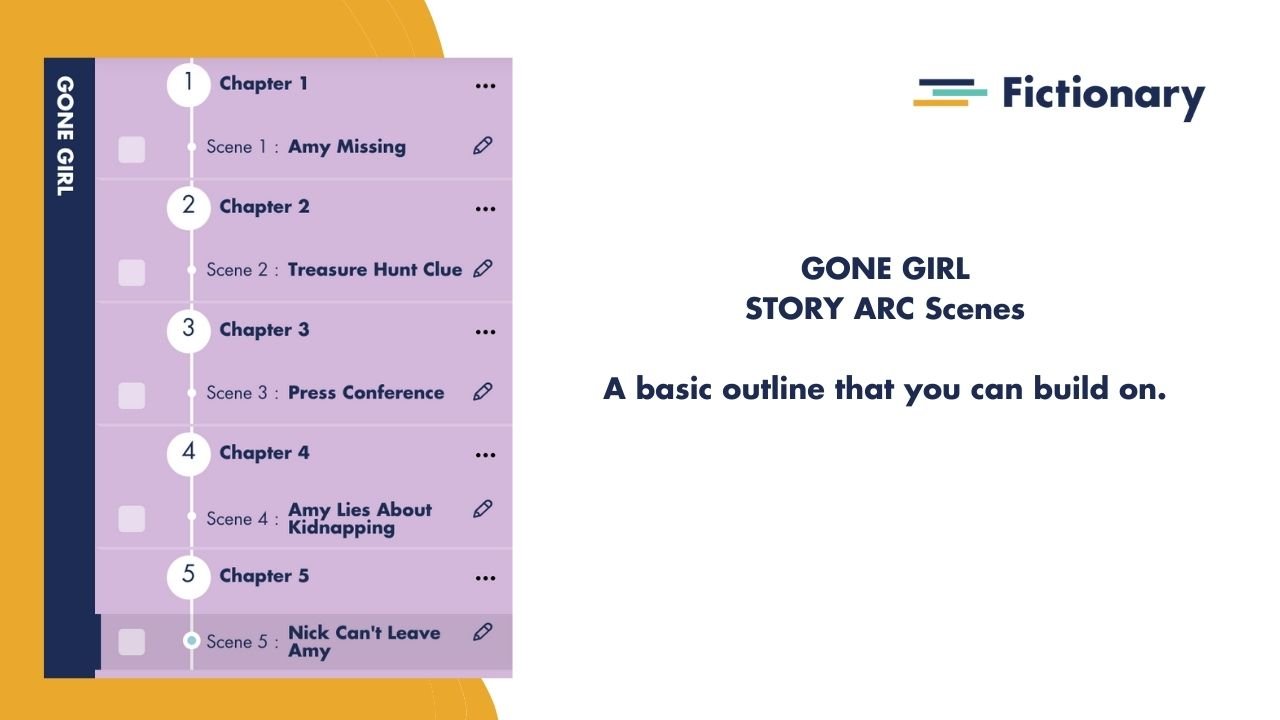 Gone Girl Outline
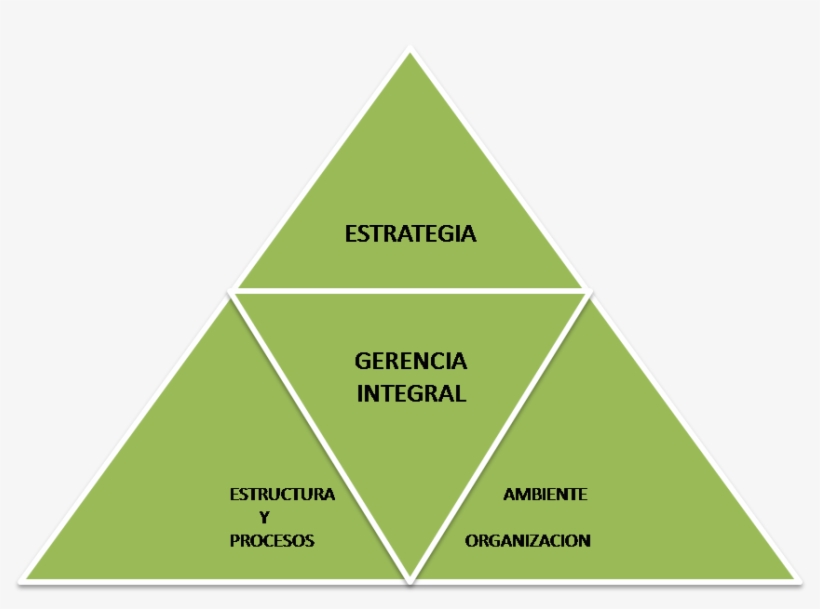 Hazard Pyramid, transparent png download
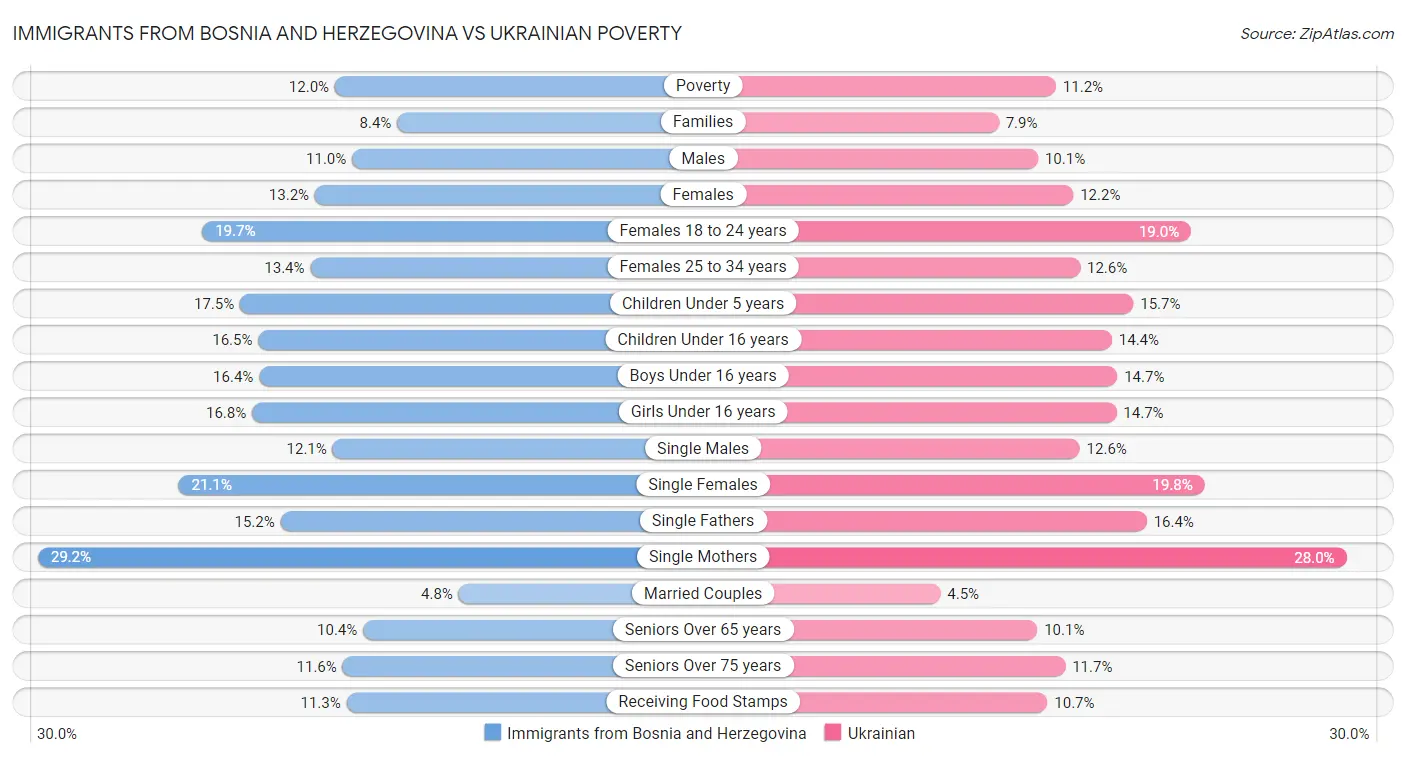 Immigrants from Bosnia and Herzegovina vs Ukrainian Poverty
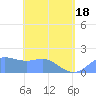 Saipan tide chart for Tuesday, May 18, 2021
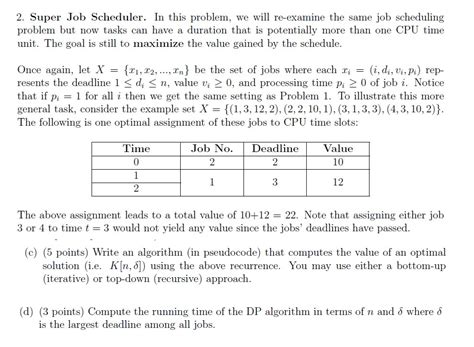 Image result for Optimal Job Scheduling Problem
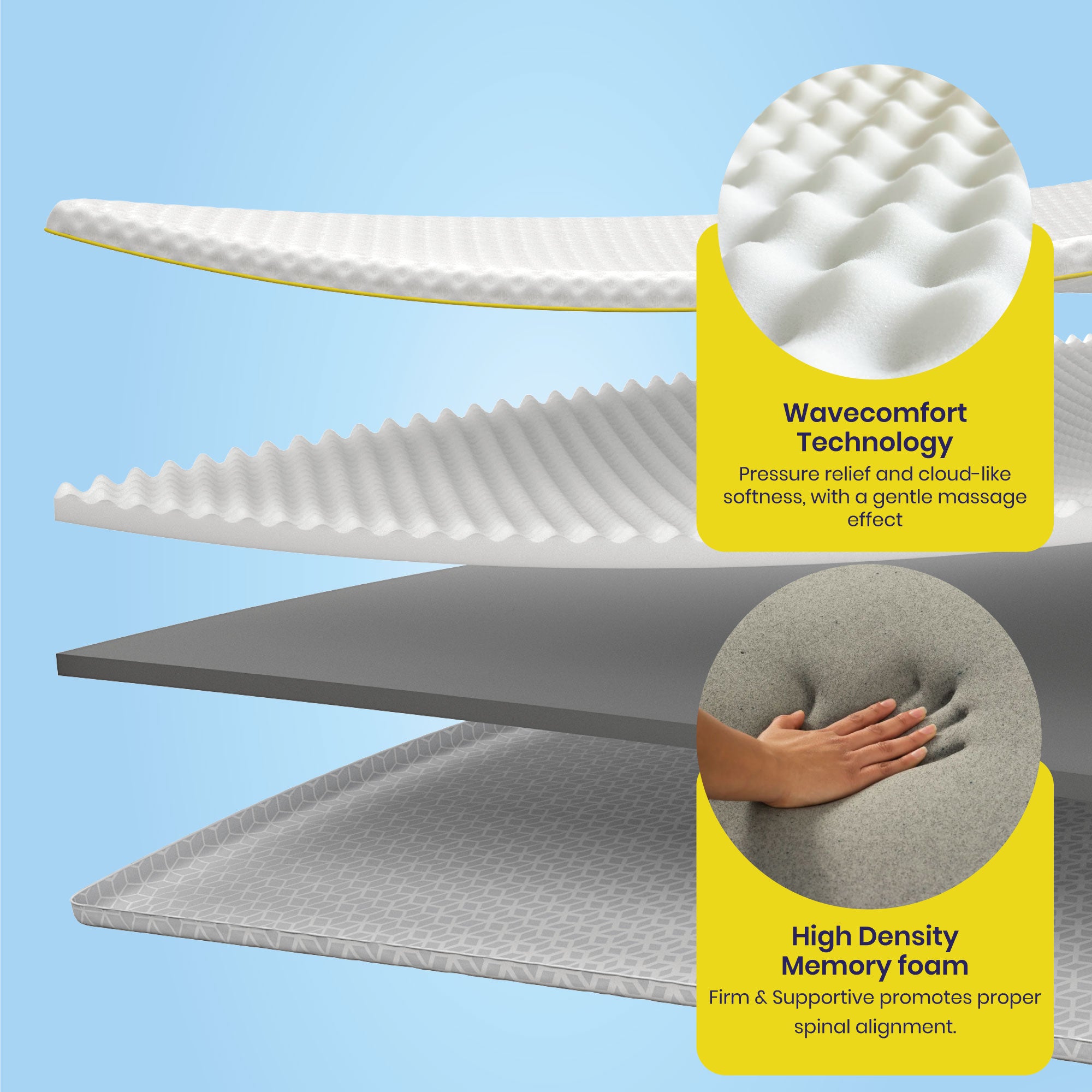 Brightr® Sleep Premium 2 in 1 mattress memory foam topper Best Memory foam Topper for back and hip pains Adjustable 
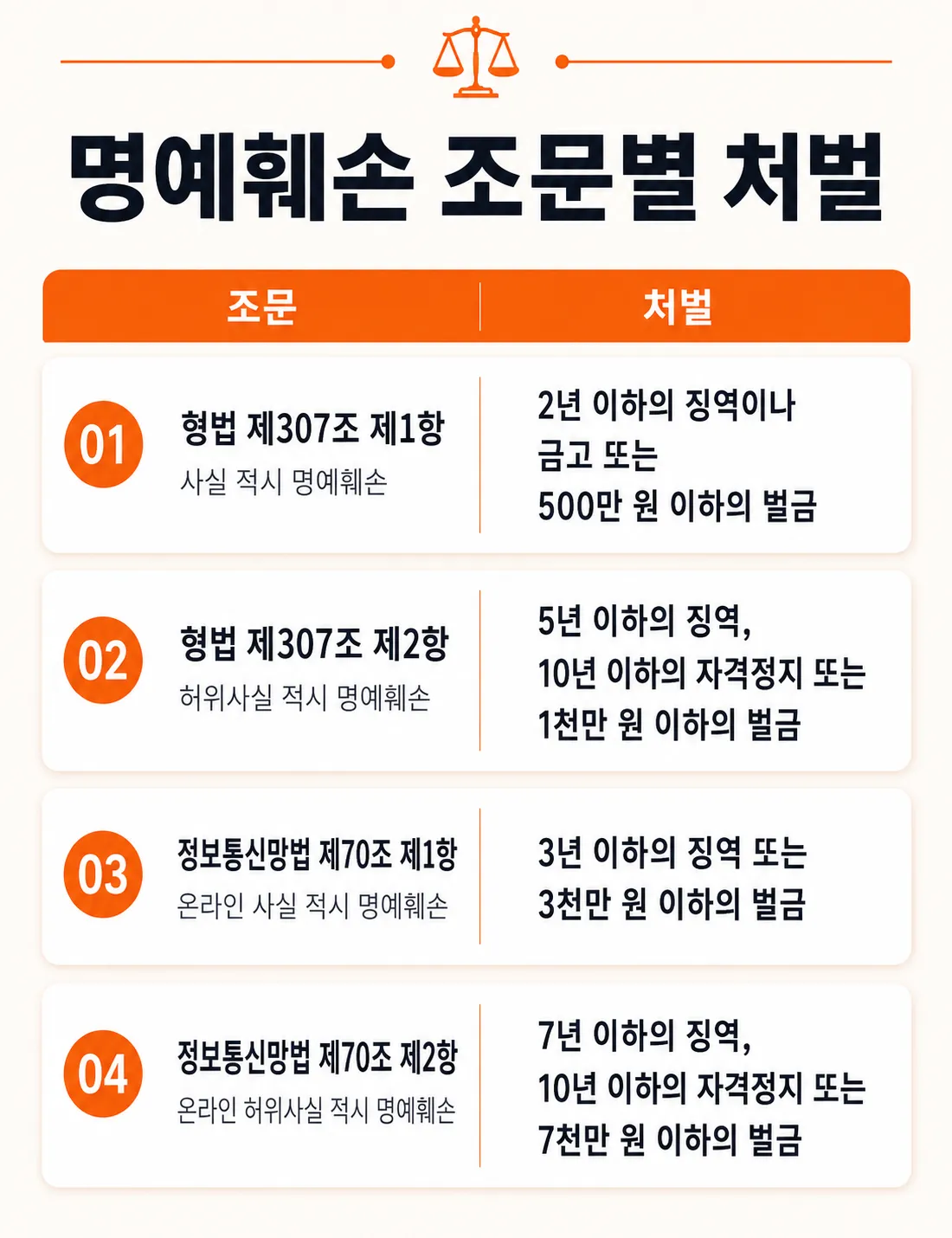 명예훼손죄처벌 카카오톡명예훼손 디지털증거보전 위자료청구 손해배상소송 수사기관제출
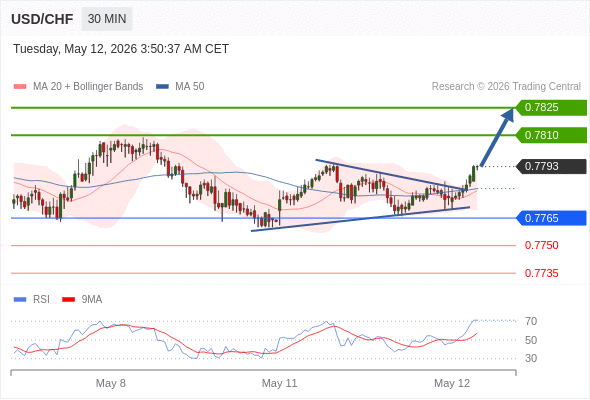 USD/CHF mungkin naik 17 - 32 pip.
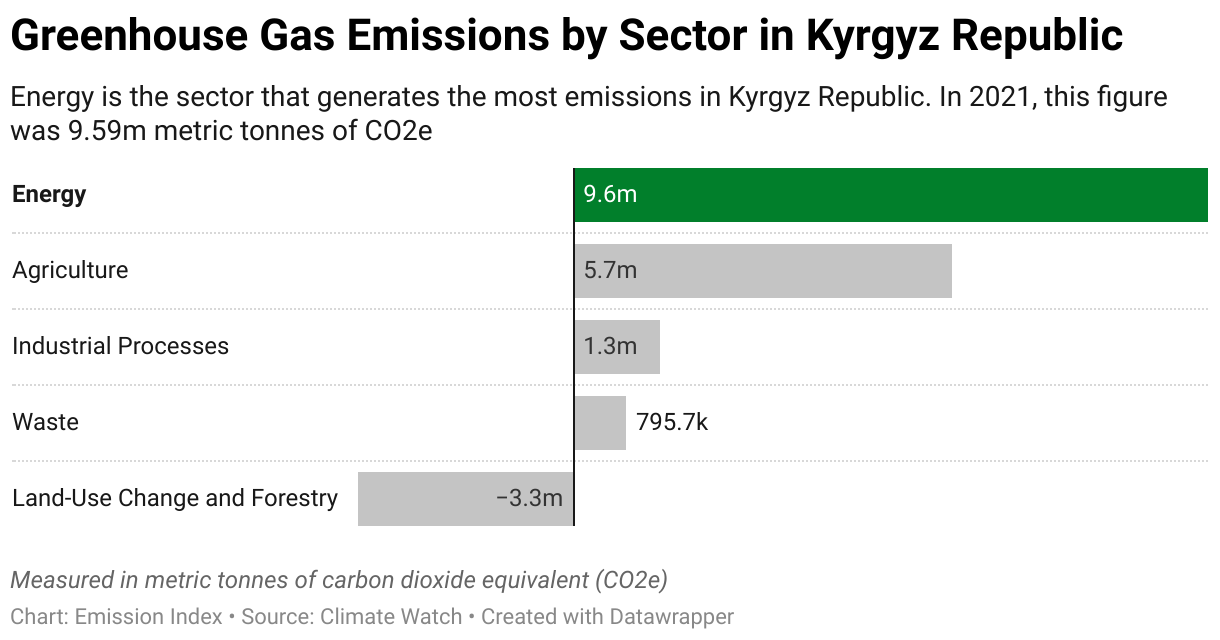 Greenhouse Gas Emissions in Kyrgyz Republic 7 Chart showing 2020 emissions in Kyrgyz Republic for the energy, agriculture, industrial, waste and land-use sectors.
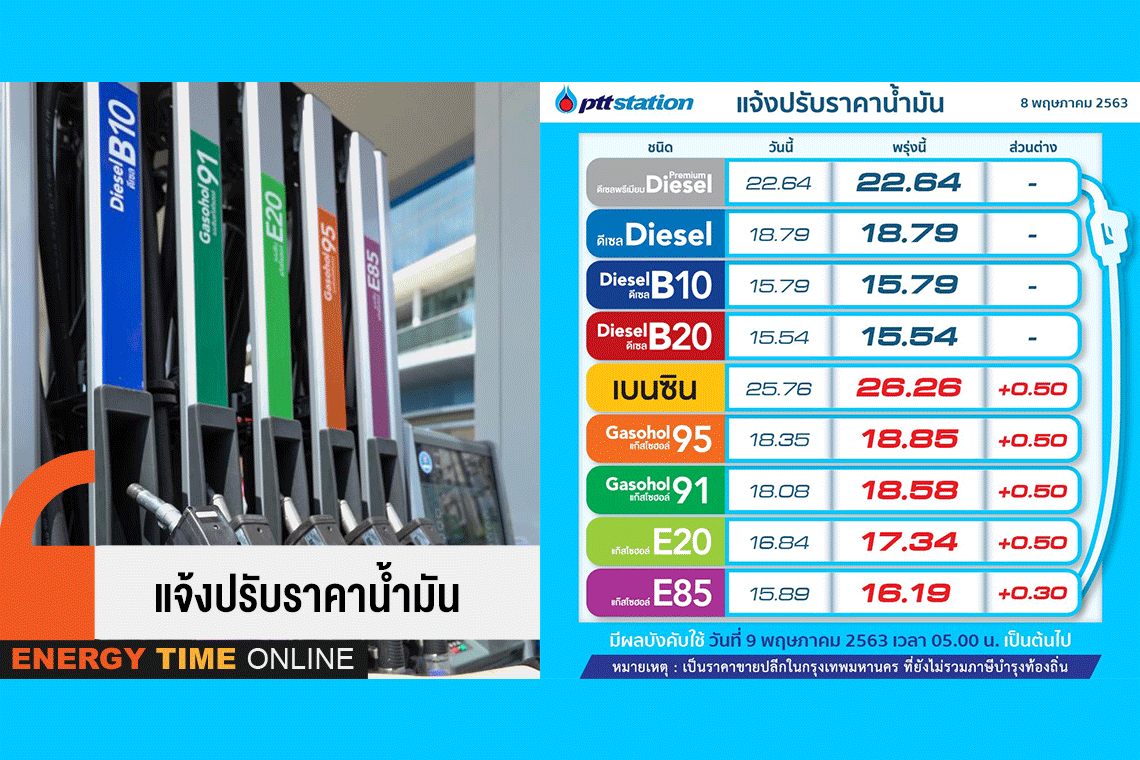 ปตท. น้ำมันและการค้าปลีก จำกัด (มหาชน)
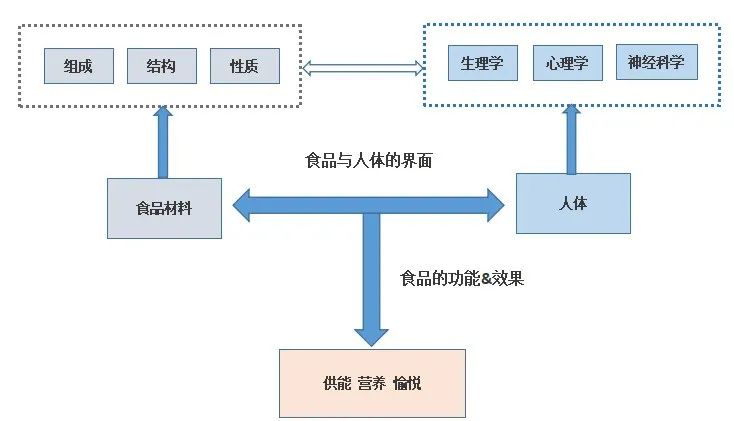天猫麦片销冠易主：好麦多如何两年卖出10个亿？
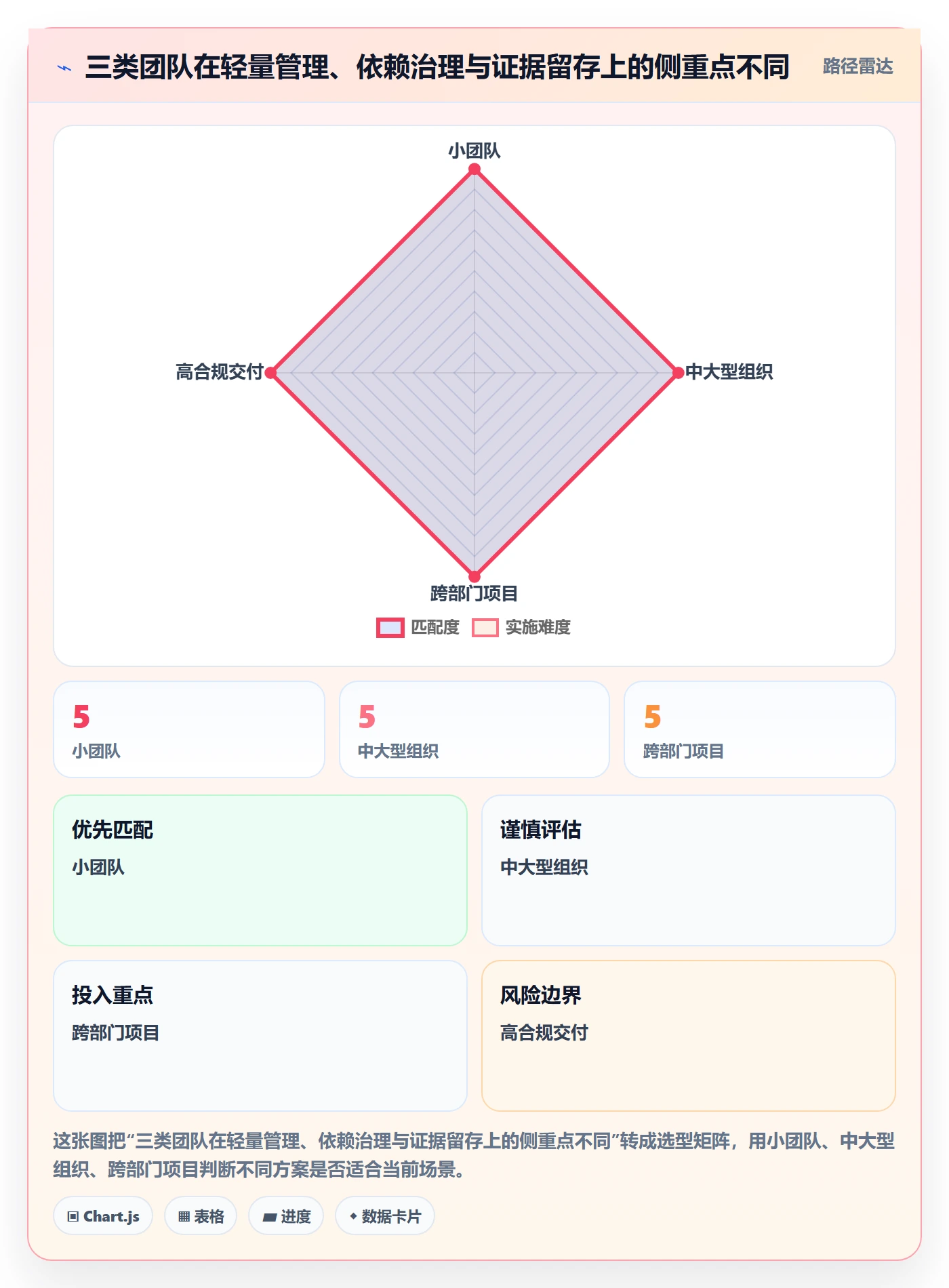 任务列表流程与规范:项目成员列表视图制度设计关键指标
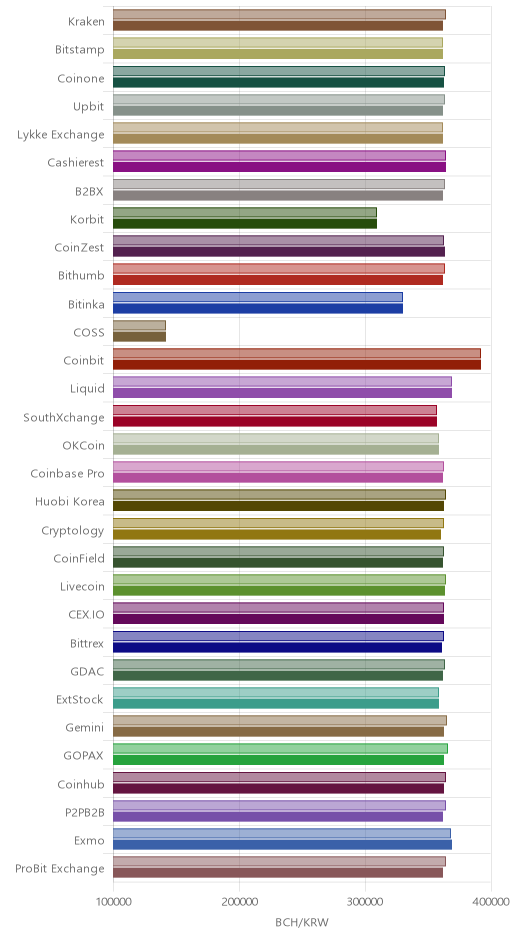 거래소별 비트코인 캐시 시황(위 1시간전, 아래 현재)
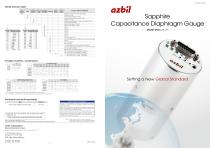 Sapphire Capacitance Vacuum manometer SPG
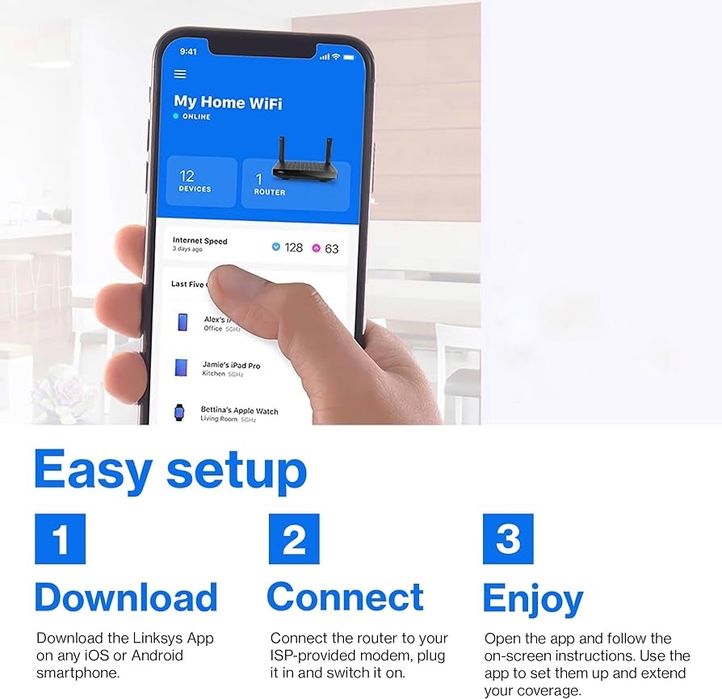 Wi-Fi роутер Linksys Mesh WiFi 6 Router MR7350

◇ ◇ ◇ ◇ ◇ ◇ ◇

TASK REQUIREMENTS.
Restate word for word the lines above that start at the line containing "Immigrants from Bosnia" and run to the end of the listing; exclude the pictures.

RESULT.
 Immigrants from Bosnia and Herzegovina vs Ukrainian Poverty
 Saipan tide chart for Tuesday, May 18, 2021
 Image result for Optimal Job Scheduling Problem
 Brightr® Sleep Premium 2 in 1 mattress memory foam topper Best Memory foam Topper for back and hip pains Adjustable 
 명예훼손죄처벌 카카오톡명예훼손 디지털증거보전 위자료청구 손해배상소송 수사기관제출
 USD/CHF mungkin naik 17 - 32 pip.
 Greenhouse Gas Emissions in Kyrgyz Republic 7 Chart showing 2020 emissions in Kyrgyz Republic for the energy, agriculture, industrial, waste and land-use sectors.
 ปตท. น้ำมันและการค้าปลีก จำกัด (มหาชน)
天猫麦片销冠易主：好麦多如何两年卖出10个亿？
 任务列表流程与规范:项目成员列表视图制度设计关键指标
 거래소별 비트코인 캐시 시황(위 1시간전, 아래 현재)
 Sapphire Capacitance Vacuum manometer SPG
 Wi-Fi роутер Linksys Mesh WiFi 6 Router MR7350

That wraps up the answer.